I missed it in the cinema - damn! - but saw it on TV a couple of years ago, and then again last night on Channel 4 Films. It is a tale of damnation and salvation demonstrated with great skill by Paul Haggis who has taken his scalpel and removed a thin slice of Los Angeles life, from the top in the District Attorney's office, to the bottom in the back of a stolen truck filled with illegal Asian immigrants, and shows us with forensic intelligence the myriad of connections between them all. It is a walking, talking depiction of the great truth expresssed by Freidrich Hayek that modern societies are simply too huge, too complex, too dynamic, for any bureaucracy, even armed with the biggest computers in the world, to fully comprehend. It also has the wisdom to point up what is, perhaps, the greatest influence in all of our lives no matter how well we are organised - chance? - fate? - co-incidence? - the law of unintended consequences? - call it what you will.

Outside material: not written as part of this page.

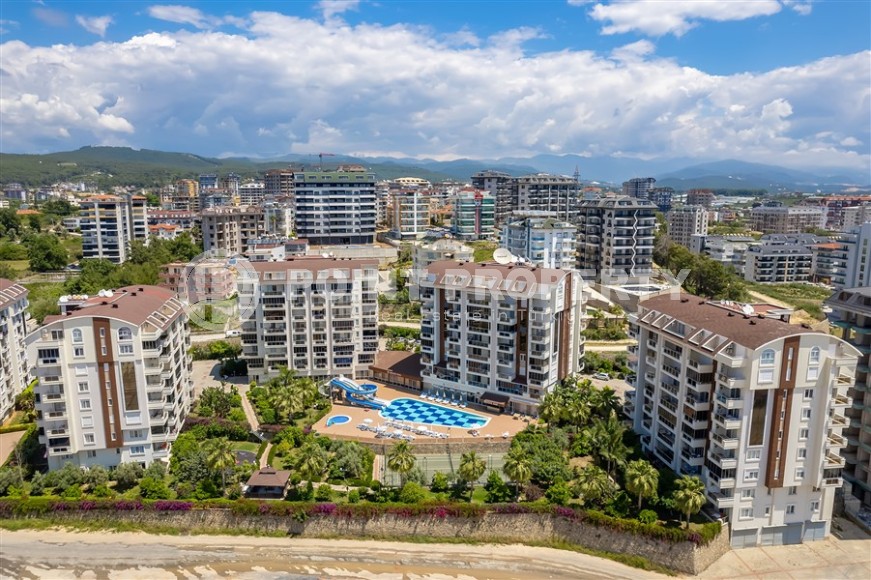 Панорамная двухуровневая квартира на 7-м этаже с мансардой, в перспективном районе Аланьи - Авсаллар-id-7233-фото-24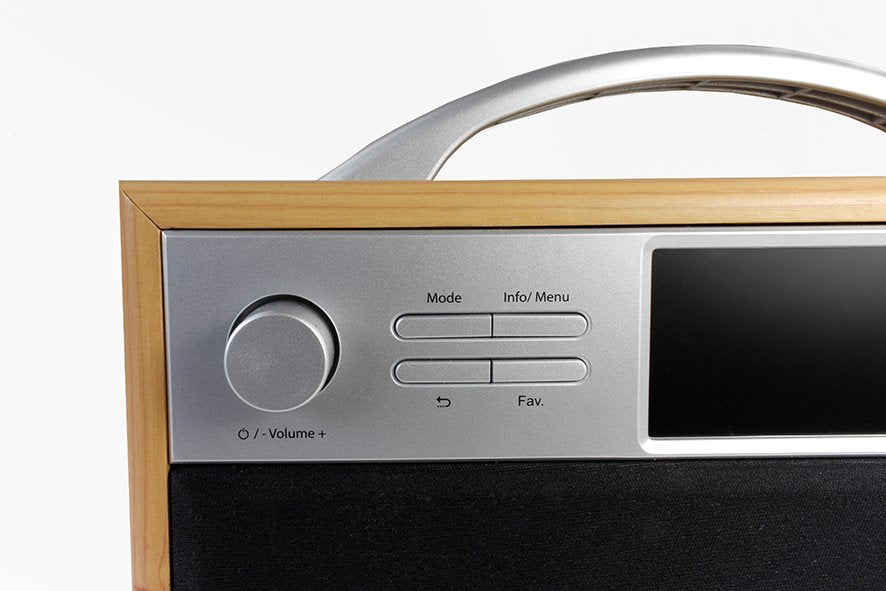 EAN 4260427612705 - Xoro XOR400900 radio Internet Digital Negro, Plata, Madera imagen 3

Just about everyone in this story starts as one thing but ends up, if not exactly as something else, then definitely in an altered state of either being or awareness. Some of them are clearly conscious of this, some only comprehend it dimly. None of them are entirely bad, any more than they are wholly good. Setting them off, in the background, hovering above, beyond and all around these individuals and their trials and tribulations, there is the teeming, non-stop energy of life and death in Los Angeles. This is a superb film, one of the very few that can be watched over and over. Do not, under any circumstances, miss it.
We caught a bit of Mary Poppins the other day. There were some longeurs, but it really is rather good. Its about the Human Condition, but not all of the Human Condition.

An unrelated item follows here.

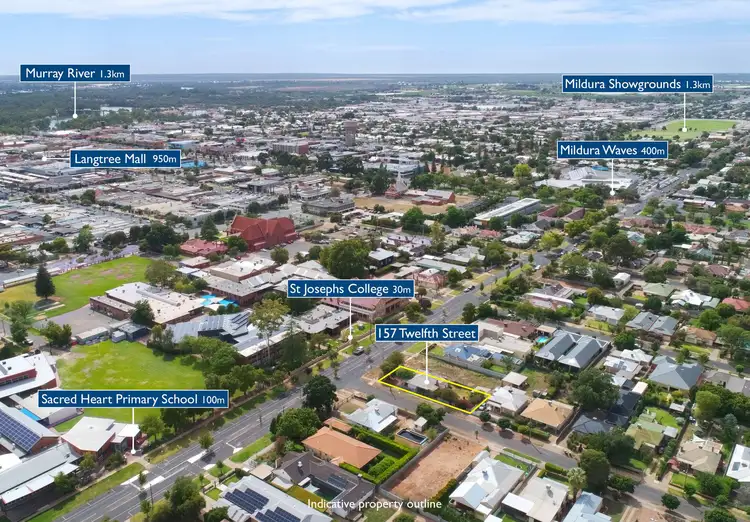 Main view of Homely house listing, 157 Twelfth Street, Mildura VIC 3500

Posted by: dearieme | Tuesday, 04 November 2008 at 19:02
Never seen it, 'DM', always felt that any film with an actor in it called 'Dick van Dyke' was probably going to be too risque for me!
Welcome back, by the way.
Posted by: David Duff | Tuesday, 04 November 2008 at 20:34
I'm so glad to hear you liked "Crash." I loved it, too.
Posted by: Sister Wolf | Wednesday, 05 November 2008 at 08:03
Crash is a wonderful film.
There's actually another film, also called Crash which you might enjoy too.
Posted by: Larry Teabag | Wednesday, 05 November 2008 at 23:15
Yes, thank you, 'Teabag', I know all about that one. Perhaps you would care to provide us all with a learned critique - I have it on good authority that you have watched it so many times your lips move in synch with the dialogue!